Et on avait déjà eu droit à des bombes comme Unchained, des classiques style Running with the Devil, des titres vitaminés tels Everyone Wants Some et des riffs béton comme celui de Somebody Get Me a Doctor.
Une foule trop âgée ? Du tout. Moyenne dans la mi-quarantaine – plus jeune que les membres originaux du groupe, finalement – et beaucoup de jeunes avec leurs parents qui ont grandi avec VH.
Un groupe fatigué ? Vraiment pas.
Les qualités de showman de David Lee Roth sont intactes. Svelte, fluide, glissant sur sa « patinoire » privée au centre de la scène, Roth faisait tournoyer son pied de micro tel un Ninja manie son nunchaku et il avait une voix encore plus solide que lors des retrouvailles avec Van Halen lors du passage de 2007.
Eddie ? Il est encore capable de nous déverser des centaines de notes à la minute ou de nous offrir des riffs digne d’une tronçonneuse.

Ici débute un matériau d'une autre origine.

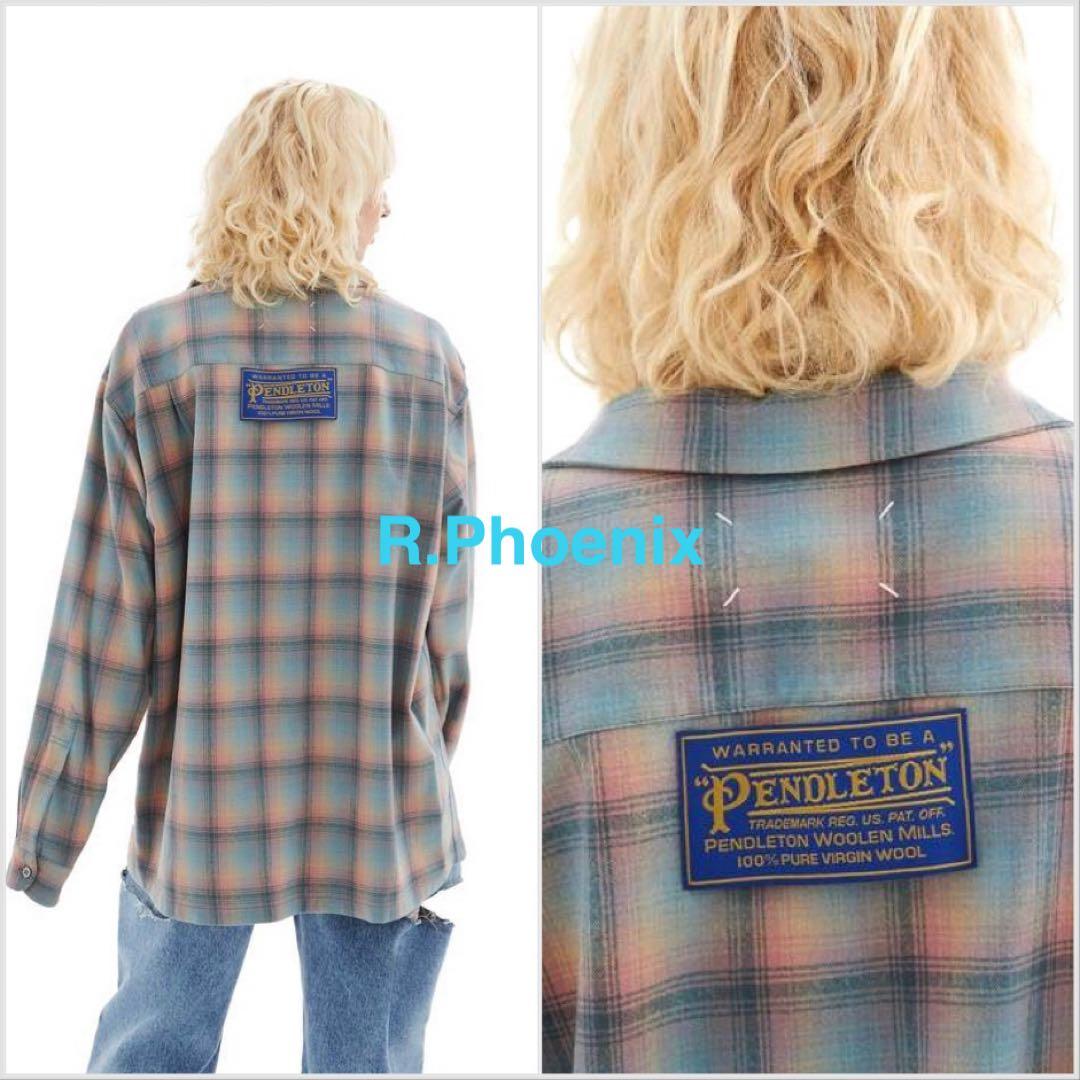 【Maison Margiela×PENDLETON】PINK SHIRT 38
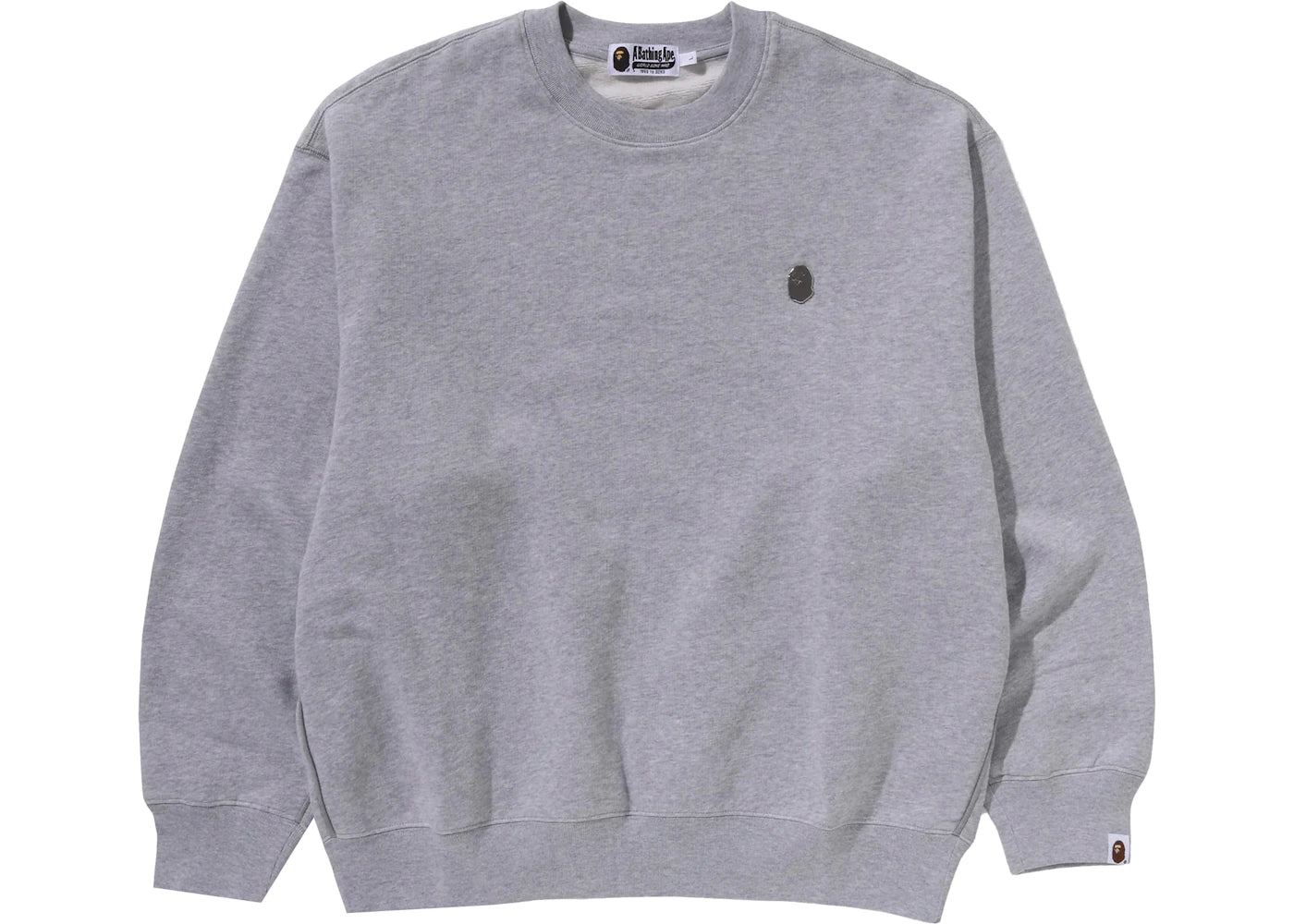 BAPE One Point Relaxed Fit Crewneck Sweatshirt Gray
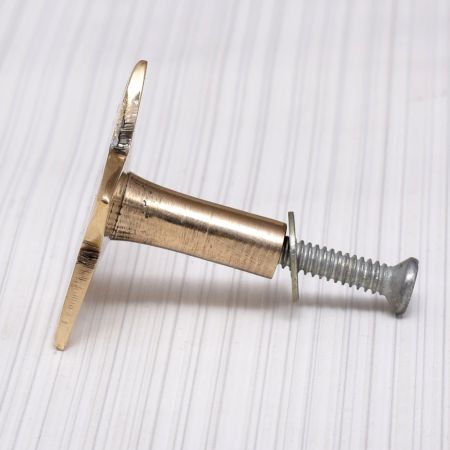 Golden Flower Mother of Pearl Dresser Knobs and Pulls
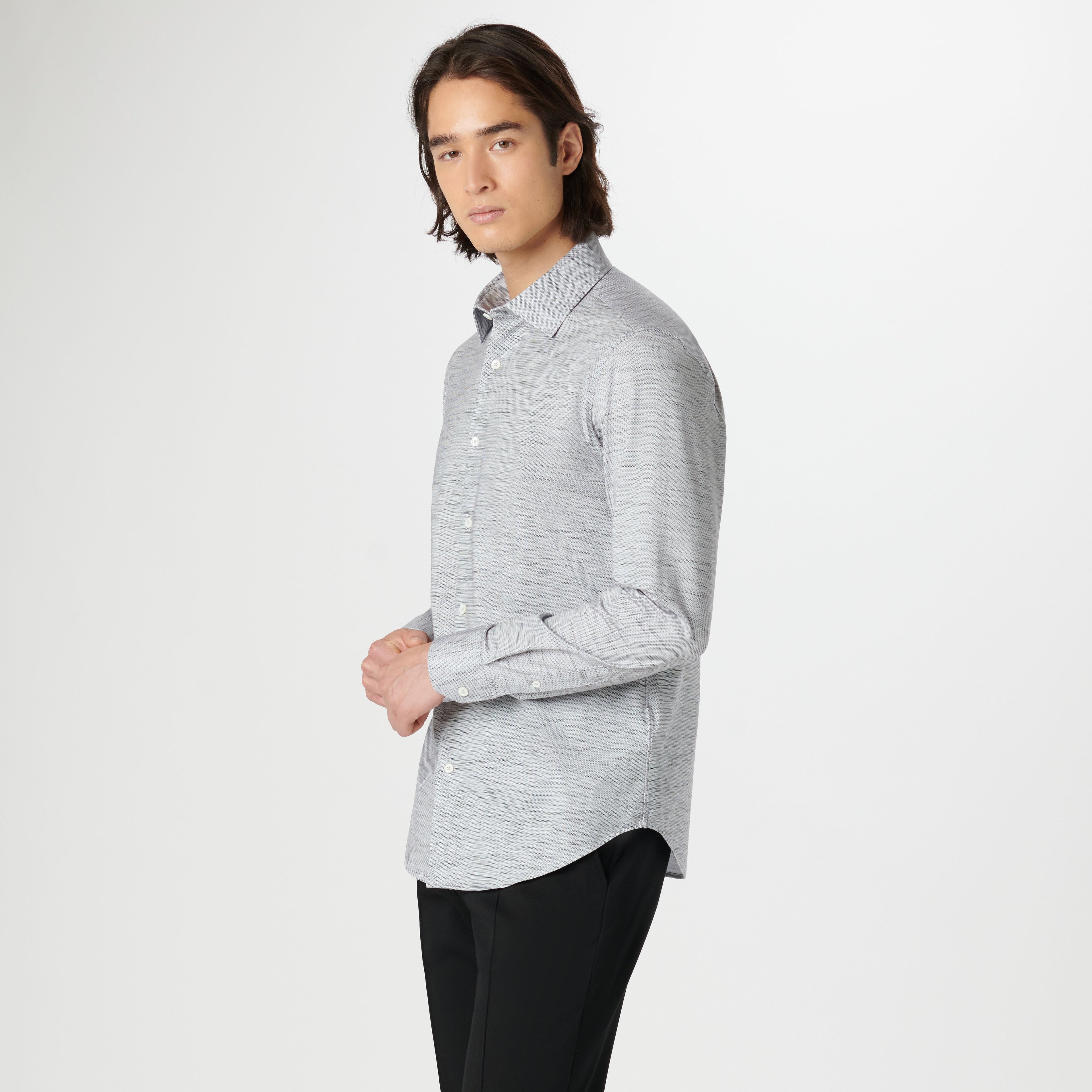 James Stitch Print OoohCotton Shirt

Il a été plus expéditif – six minutes, chrono en main – lors de son solo de fin de soirée (on l’a déjà vu faire dix minutes), mais on va prendre six minutes précises comme celles-là plutôt que dix minutes brouillonnes comme lors du passage de 2004, du temps de Sammy Haggar.

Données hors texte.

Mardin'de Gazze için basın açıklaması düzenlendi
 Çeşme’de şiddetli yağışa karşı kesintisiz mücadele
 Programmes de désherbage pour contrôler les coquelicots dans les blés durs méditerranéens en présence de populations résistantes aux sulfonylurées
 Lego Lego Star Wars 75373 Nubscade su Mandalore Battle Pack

Là où ma première impression s’est confirmée, c’est quand les boys ont offert leurs versions de Oh, Pretty Woman et You Really Got Me. Dix personnes – maximum – debout dans les 15 rangées devant moi ? Plus de doute.
Il faut croire que les amateurs sont tellement familiers avec ces titres qui ont fait les beaux jours de la radio FM des années 1970 et 1980, que les écouter comme à la maison a autant de sens que de les vivre en spectacle. Constat.
Écran sous-utilisé
Remarquez, peut-être que VH court un peu après… Avoir à ta disposition un écran de la dimension de ceux qu’on voyait au ciné-parc dans les années 1960 (im-men-se !) et ne pas s’en servir à ce point, c’est du gaspillage.
Sauf pour la vidéo ou Roth nous montrait ses chiens et ses moutons avant Ice Cream Man – c’est quoi ce truc ? – à aucun moment durant tout le spectacle une chanson classique ou un nouveau titre de l’album A Different Kind of Truth n’a eu droit à un clip fait pour les besoins de la scène.
Impeccables et nécessaires, les gros plans sur les mains fabuleuses d’Eddie quand il se paie des solos déments. Mais que du visuel du groupe qui joue devant toi durant près de deux heures? Au Stade olympique avec l’éloignement des fans, bien sûr. Mais dans un aréna où il y avait moins de 9000 spectateurs ? Comprend pas. J’imagine les Stones et la Madone avec un tel écran.
Remarquez, ça n’a pas gâché le plaisir. Certes, Van Halen ne peut prétendre rivaliser avec ce qu’il était il y a 30 ans, mais personne n’a démérité. Maintenant âgé de 21 ans, Wolfgang a pris de l’assurance à la basse, il n’y a jamais de problème avec Alex, David avait la forme et Eddie était en feu durant Hot For Teacher. Quant à Dance the Night Away, elle a permis à plein de gens de se rappeler que Van Halen peut être presque aussi pop que rock, quand il le désire.
Même la foudroyante Panama et la violente Ain’t Talking About Love n’ont pas fait lever tout le monde. Seule l’incontournable Jump, en clôture, y est parvenue. Mais là, tous les spectateurs s’étaient levés pour applaudir le band pour le rappel.
Les succès de la radio FM… Incontournables…Tellement inévitables en fait, que lorsque que j’ai rejoint ma bagnole une demi-heure après le spectacle et que j’ai mis le contact, la première chose que j’ai entendue en même temps que le moteur était You Really Got Me qui était en train de jouer à CHOM. Pas moyen d’y échapper.